農地法とは? 〜農地を守るためのルール〜
農地法(のうちほう)は、田んぼや畑などの農地を守るための大切な法律です。日本の食料生産と農業を保護するために、農地の使い方や所有者の変更に制限を設けています。
農地は農業をする人の生活基盤であり、国の食料自給に欠かせない資源です。そのため、勝手に住宅地や駐車場に変えることができないよう、法律で保護されています。
農地法の基本的なルールは以下の通りです:
- 農地を売買・貸借するには、農業委員会の許可が必要
- 農地を宅地や駐車場などに変更するには、農地転用の手続きが必要
つまり、「農地を動かす=必ず申請が必要」と覚えておくと安心です。
農地法の3つの大きなルール
農地法第3条の「許可」と「届出」の違い
許可が必要なケース
農地の権利(所有権・賃借権など)を意図的に移動させる場合は、農業委員会の許可が必要です。
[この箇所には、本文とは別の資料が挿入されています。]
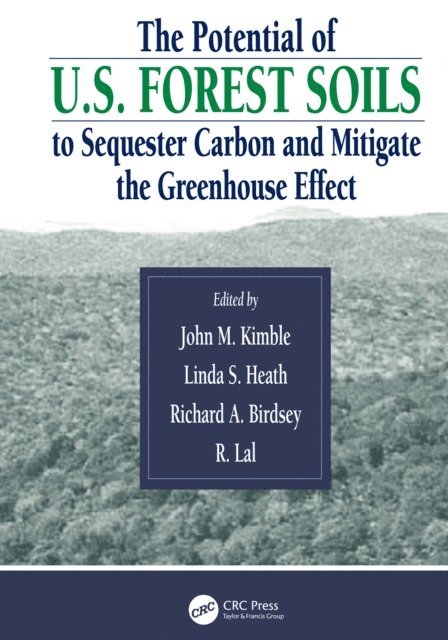 Linda S. Heath, Richard Birdsey, Rattan Lal, John M. Kimble - Potential of U.S. Forest Soils to Sequester Carbon and Mitigate the Greenhouse Effect, E-bok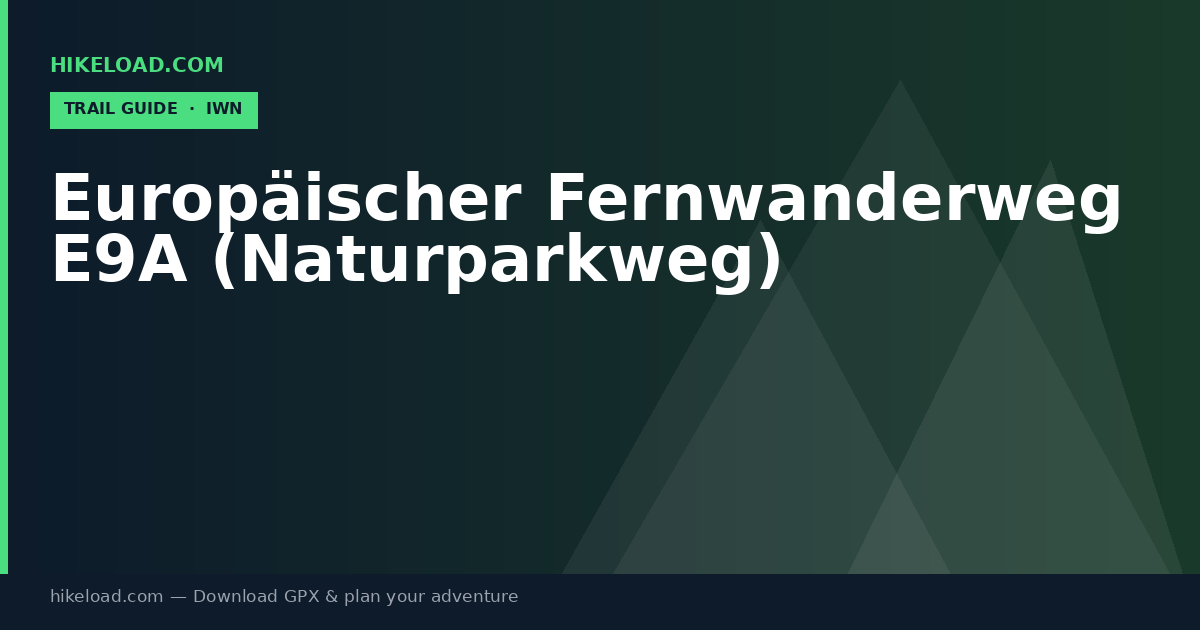 Europäischer Fernwanderweg E9A (Naturparkweg) trail guide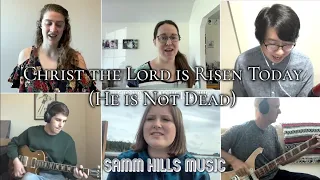 Christ The Lord Is Risen Today (He Is Not Dead) - Samm Hills Music (Virtual Choir)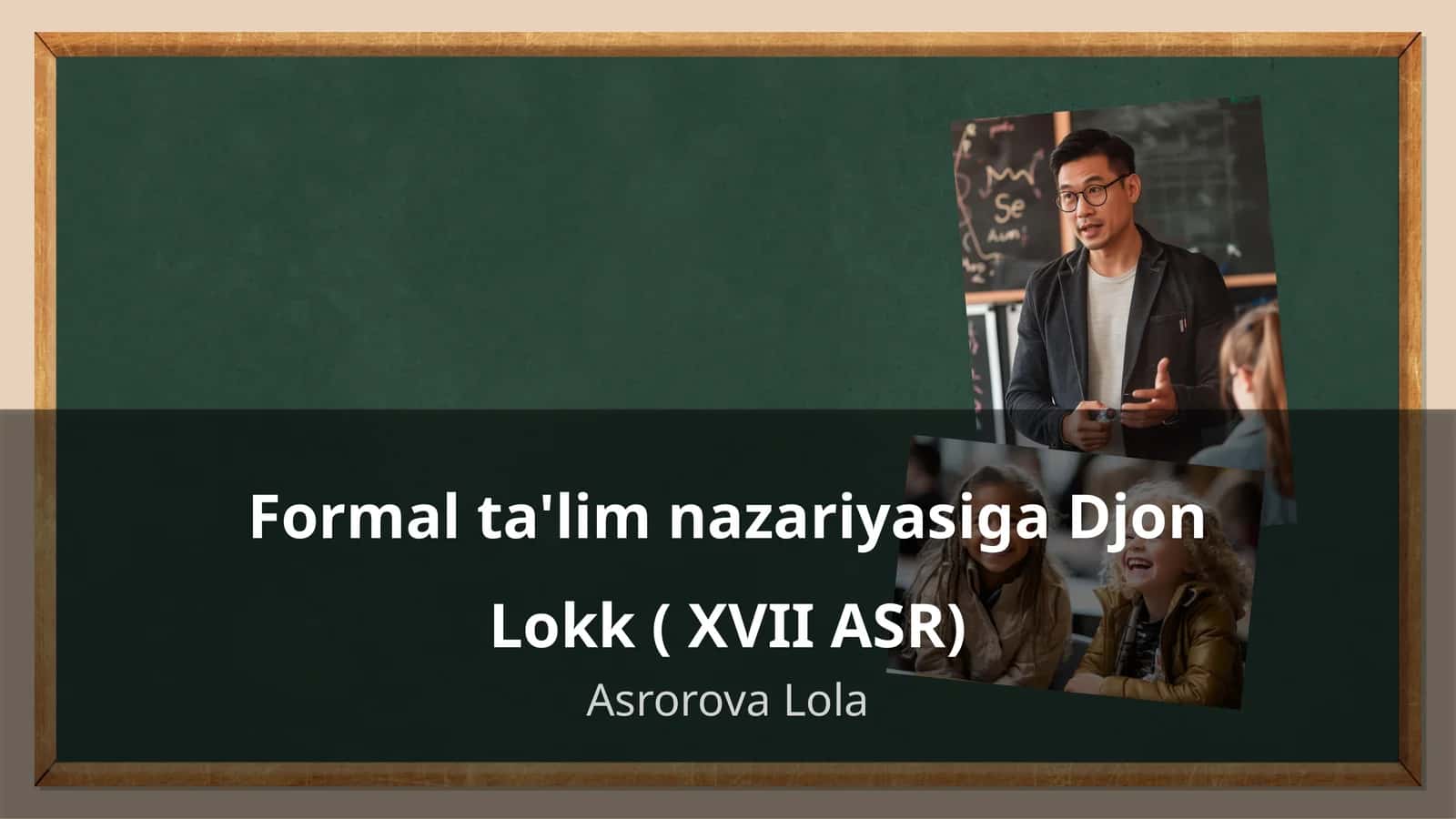 Formal ta'lim nazariyasiga Djon Lokk ( XVII ASR) 1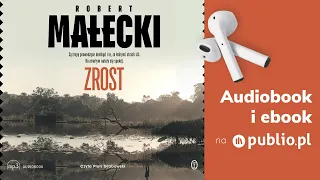 Zrost. Robert Małecki. Audiobook PL [Kryminał]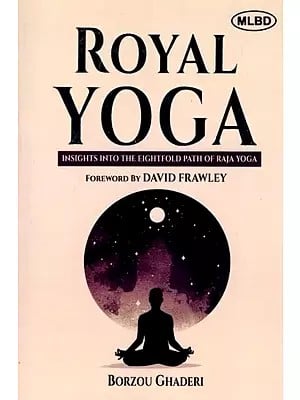 Royal Yoga: Insights into the Eightfold Path of Raja Yoga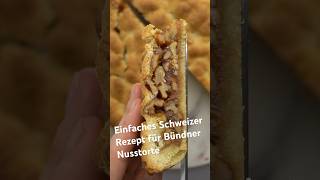 Einfaches Schweizer Rezept für Bündner Nusstorte schweizerrezept engadinernusstorte easyrecipe [upl. by Isiah575]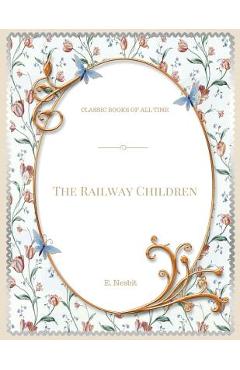 Coperta cărții 'The Railway Children - E. Nesbit'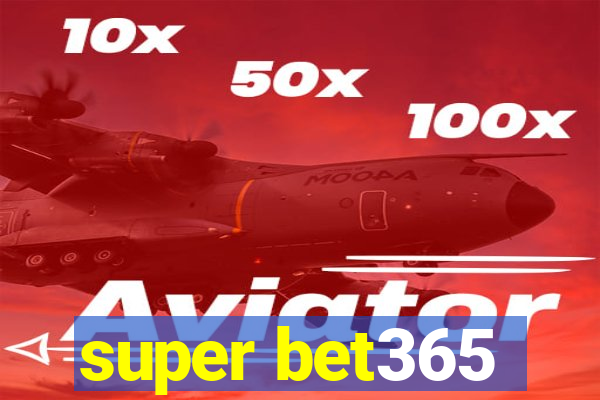 super bet365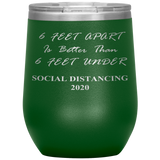 Social Distancing 2020 | Quarantine Tumbler 20 oz. | 6 Feet Apart | Dad Gift | Mom Gift | Father's Day Gift | Father In Law | Birthday Gift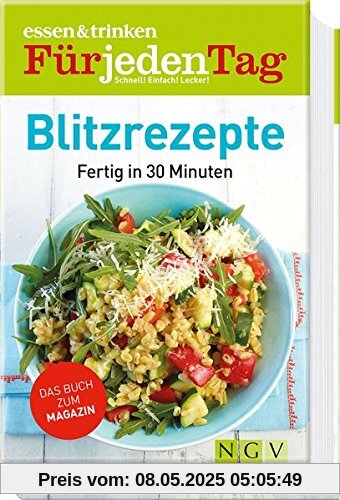 essen & trinken Für jeden Tag Blitzrezepte: Fertig in 30 Minuten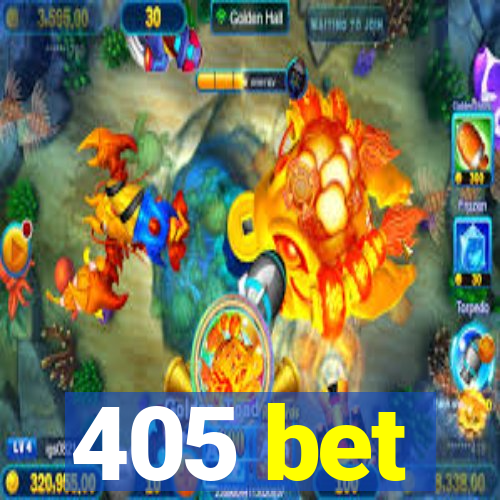 405 bet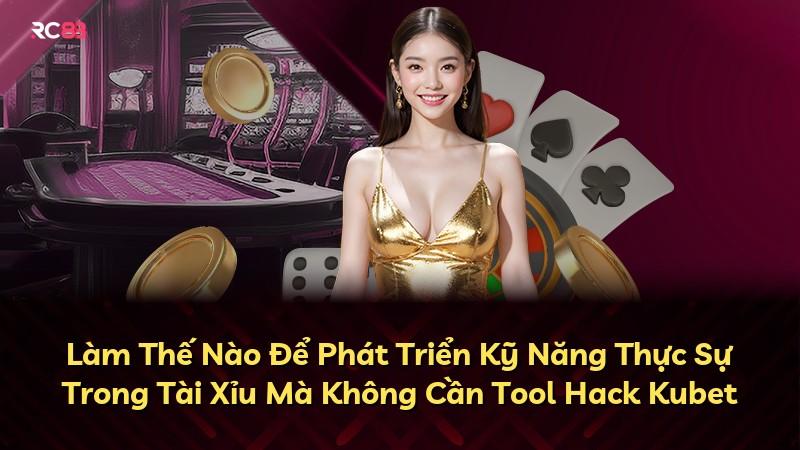 Làm Thế Nào Để Phát Triển Kỹ Năng Thực Sự Trong Tài Xỉu Mà Không Cần Tool Hack Kubet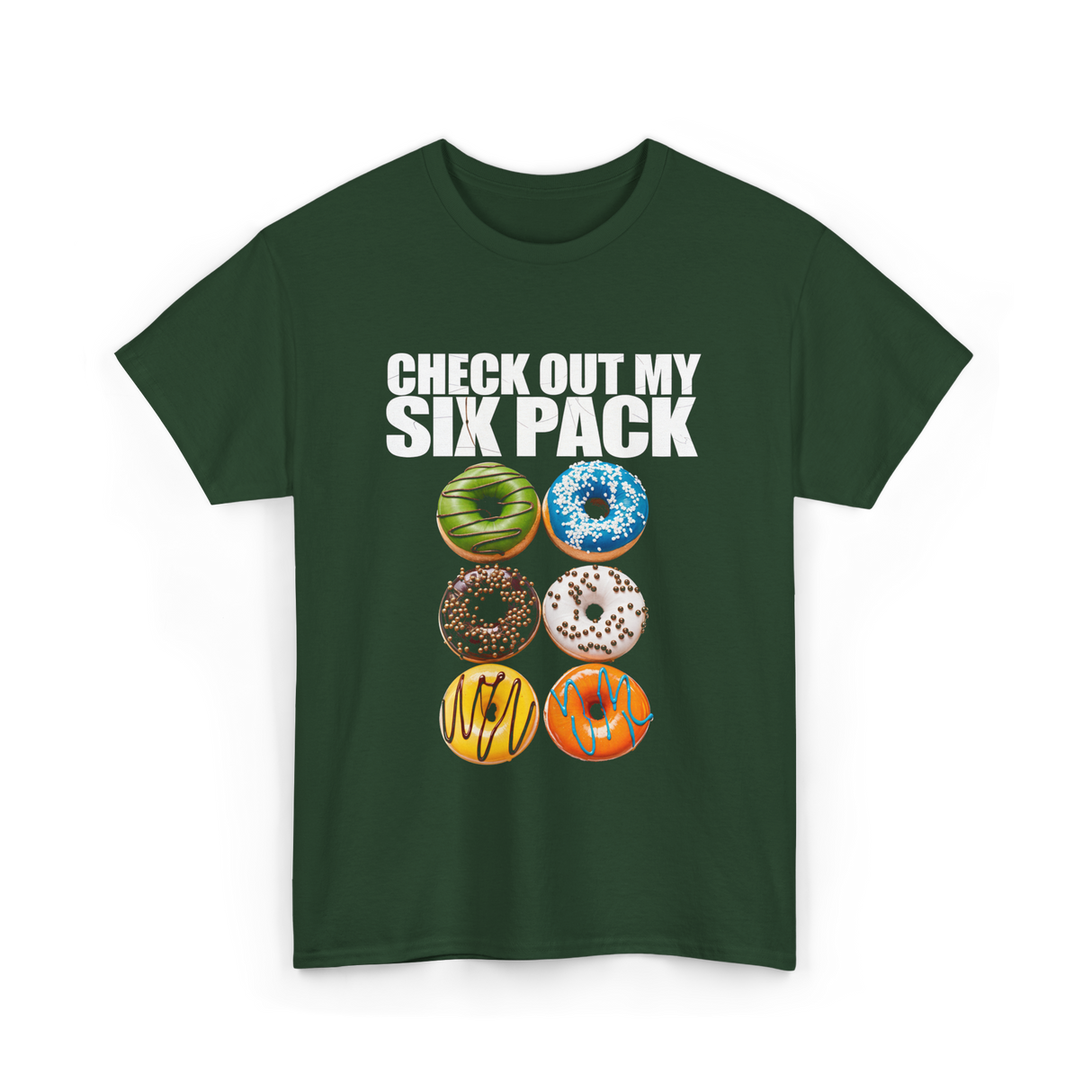 Check Out My Six Pack Donut T-Shirt - Forest Green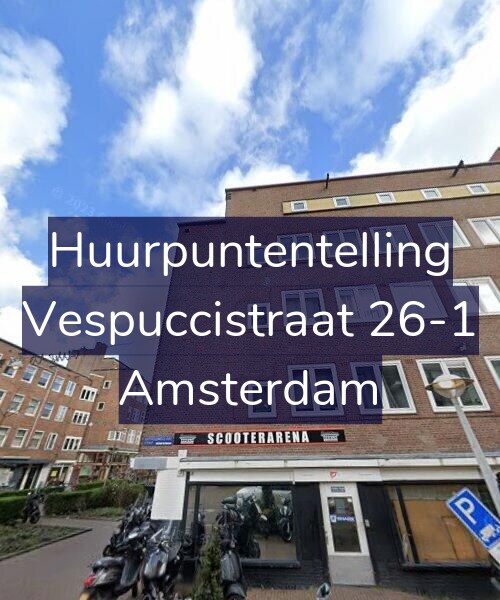 Foto gevel Huurpuntentelling voor Vespuccistraat 26-1, Amsterdam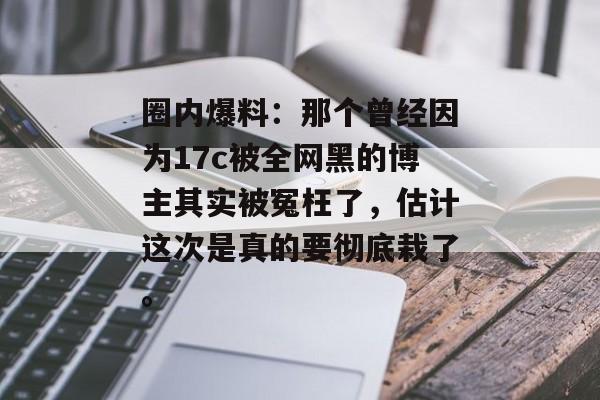 圈内爆料：那个曾经因为17c被全网黑的博主其实被冤枉了，估计这次是真的要彻底栽了。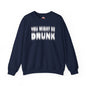 You Might Be Drunk Crewneck Sweatshirt The Devil's Pickle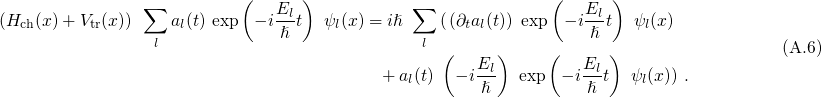                           (      )                          (      )
(Hch(x )+ Vtr(x)) ∑  al(t) exp - iElt ψl(x) = iℏ ∑ ((∂tal(t)) exp - iElt  ψl(x)
                 l            ℏ               l                 ℏ
                                                (   E )     (   E )                  (A.6)
                                          +al(t)   - i-l  exp  - i-lt  ψl(x)) .
                                                    ℏ           ℏ
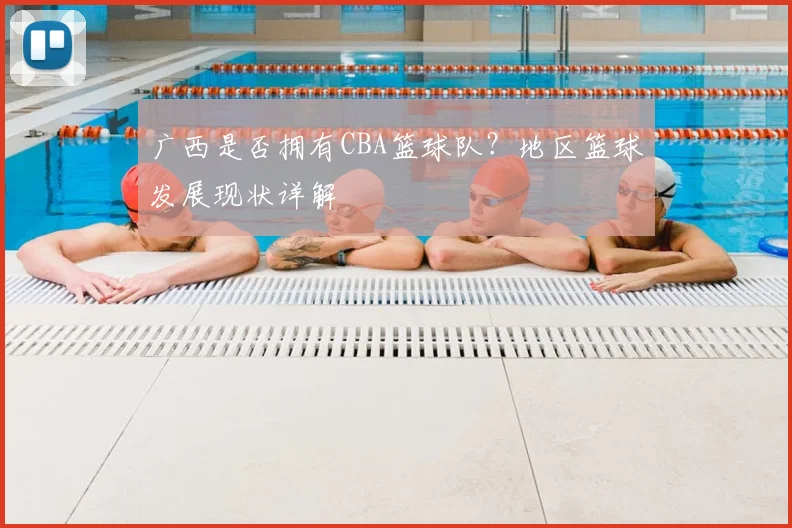 广西是否拥有CBA篮球队?地区篮球发展现状详解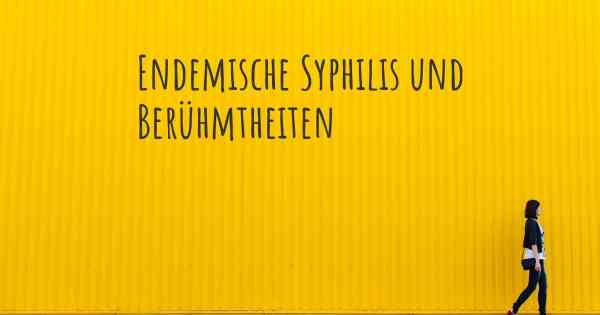 Endemische Syphilis und Berühmtheiten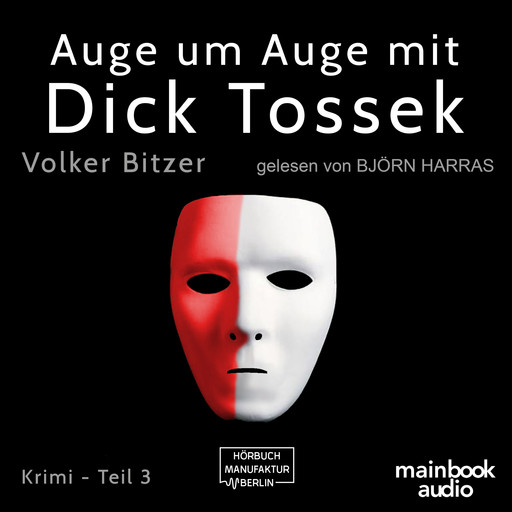 Auge um Auge mit Dick Tossek - Die Dick-Tossek-Verschwörung, Band 3 (ungekürzt), Volker Bitzer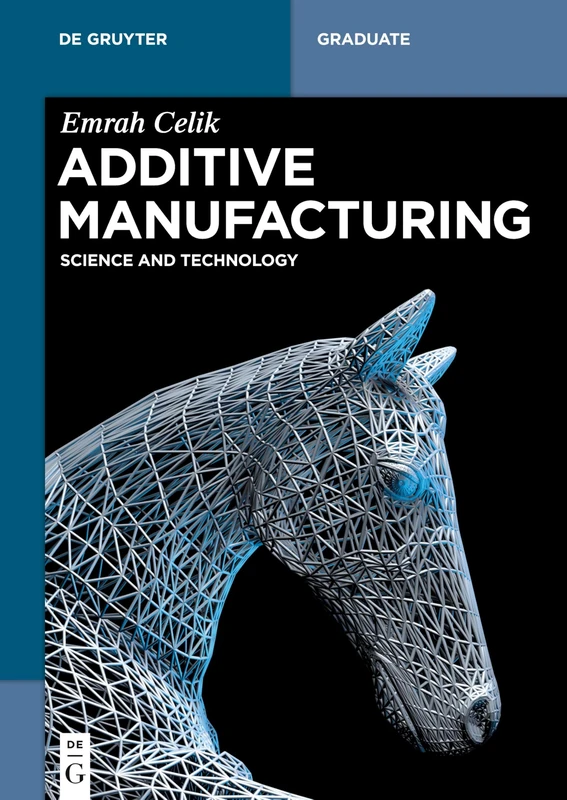Additive Manufacturing: Science and Technology (De Gruyter Textbook) - Image 1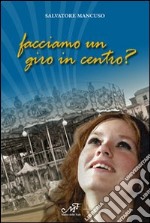 Facciamo un giro in centro? libro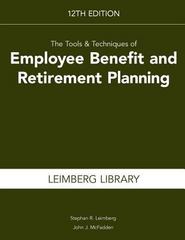 the tools and techniques of employee benefit and retirement planning 12th edition stephan r leimberg, stephen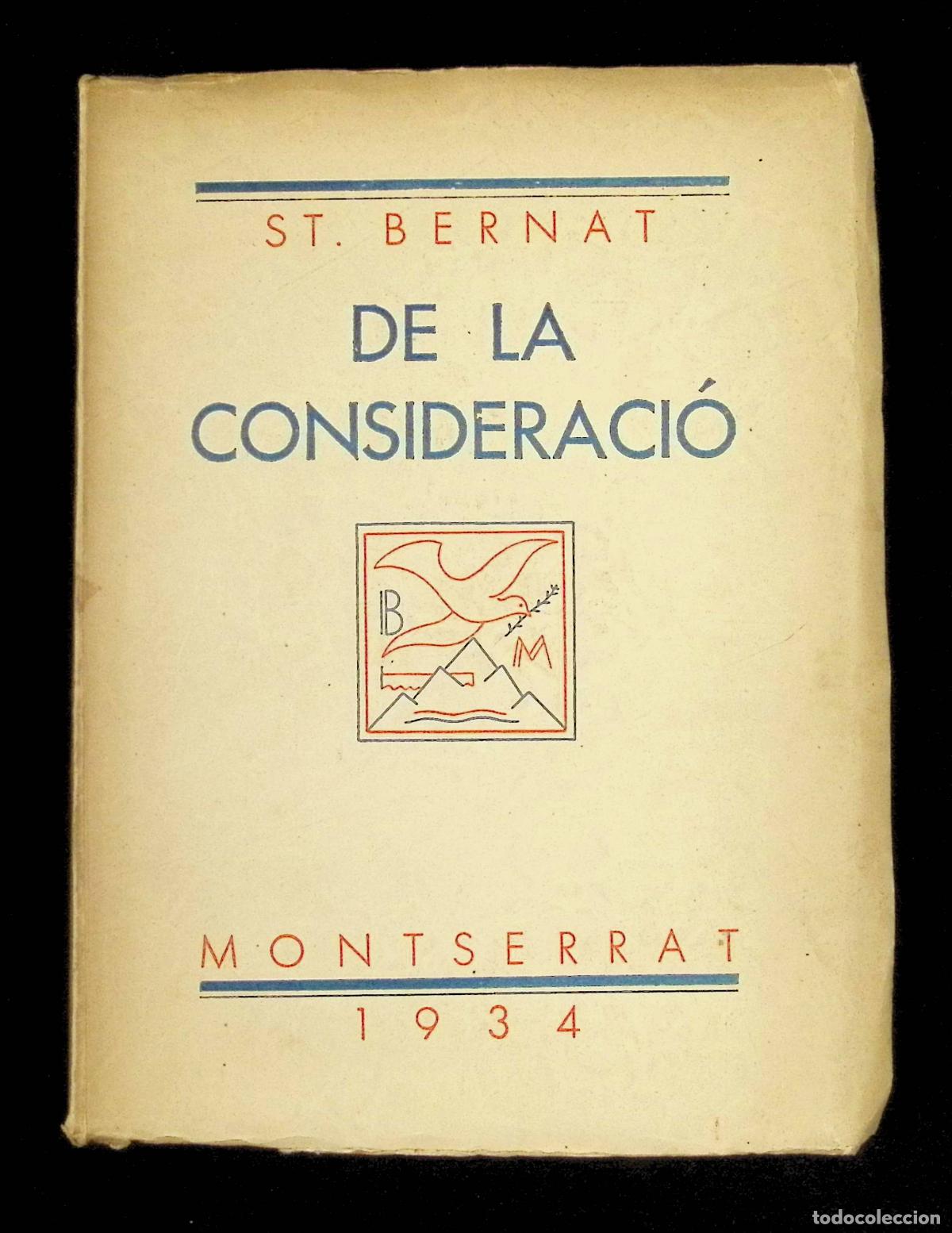 Libros antiguos: DE LA CONSIDERACI&Oacute; A EUGENI III, PAPA. - SANT BERNAT. - Foto 1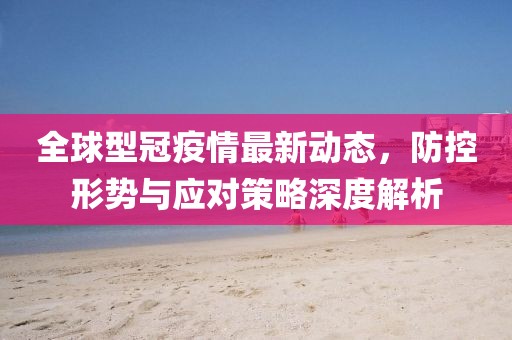 全球型冠疫情最新动态，防控形势与应对策略深度解析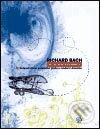 Kniha: Nic se nestane náhodou (Richard Bach). Argo, 2002 Kniha: Nic se nestane náhodou (Richard Bach). Argo, 2002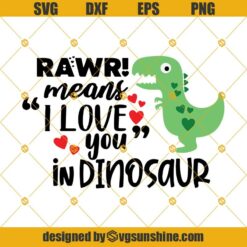 Rawr Means I love You In Dinosaur Svg, Valentine Svg, Valentines Day Svg, Dinosaur Svg, Roar Svg, Rawr Svg, Dino Svg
以下のような場合が該当します:
- 農地を売買する
- 農地を貸し借りする
- 農地を交換する
- 農地を贈与する
許可を受けないと契約は無効となります。つまり「権利移動がある」場合は許可制です。
届出で足りるケース
2023年4月の法改正で創設された「農地法第3条の3 届出制度」により、以下のケースは届出で足ります:
- 相続で農地を取得した場合
- 遺贈で農地を取得した場合
- 法人の合併や相続人への包括承継の場合
つまり、「自分で売る・貸すなどの契約行為」ではなく、法律上当然に権利が移った場合は「許可」ではなく「届出」で足ります。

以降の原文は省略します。